The $513,000 project—a partnership between DelDOT, DNREC and the City of Rehoboth Beach—included the connection of a 10-ft-wide asphalt trail from Canal Street to Rehoboth Avenue and the development of a two-way buffered bicycle lane along Rehoboth Avenue to Grove Park within the city. The work also included paving, a concrete sidewalk, signage, striping, site amenities, and fencing.
"Our mission at DelDOT is to provide excellence in transportation and we continue to focus on how we can help people move around without needing a car to get to where they want to go," Delaware Secretary of Transportation Nicole Majeski said in a statement. "This connector is the true definition of an alternative transportation facility available for all to enjoy whether for recreation or as a means of travel to connect people to the places they want to go. It not only increases mobility for bicyclists and pedestrians, but it provides them with a safer route as well."

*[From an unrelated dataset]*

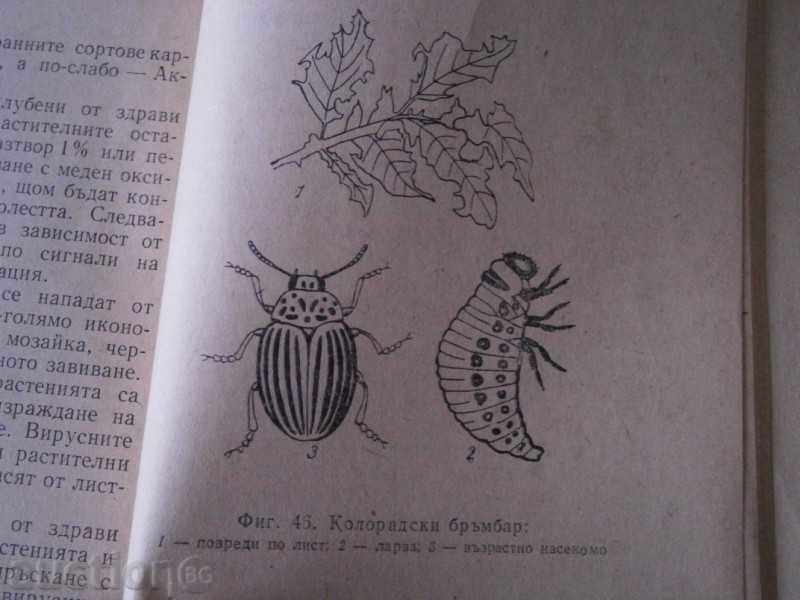 B. VIDENOV - PROTECTION OF PLANT IN THE PERSONAL HOLDING 1975 with price 3.70 BGN | € 1.89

This is the final link to the approximately 14-plus-mile Junction and Breakwater Pathway that follows a section of the former Penn Central railroad. The first portion of the trail opened in December 2003. Currently, from June through August, 800 to 950 people utilize it daily. The completion of the Junction and Breakwater Pathway Rehoboth Beach Extension concludes a nearly 20-year effort and now makes it possible to travel from the City of Rehoboth Beach to Lewes or vice versa on bike or on foot.
DelDOT says the state of Delaware has more than 500 miles of pedestrian and bike trails.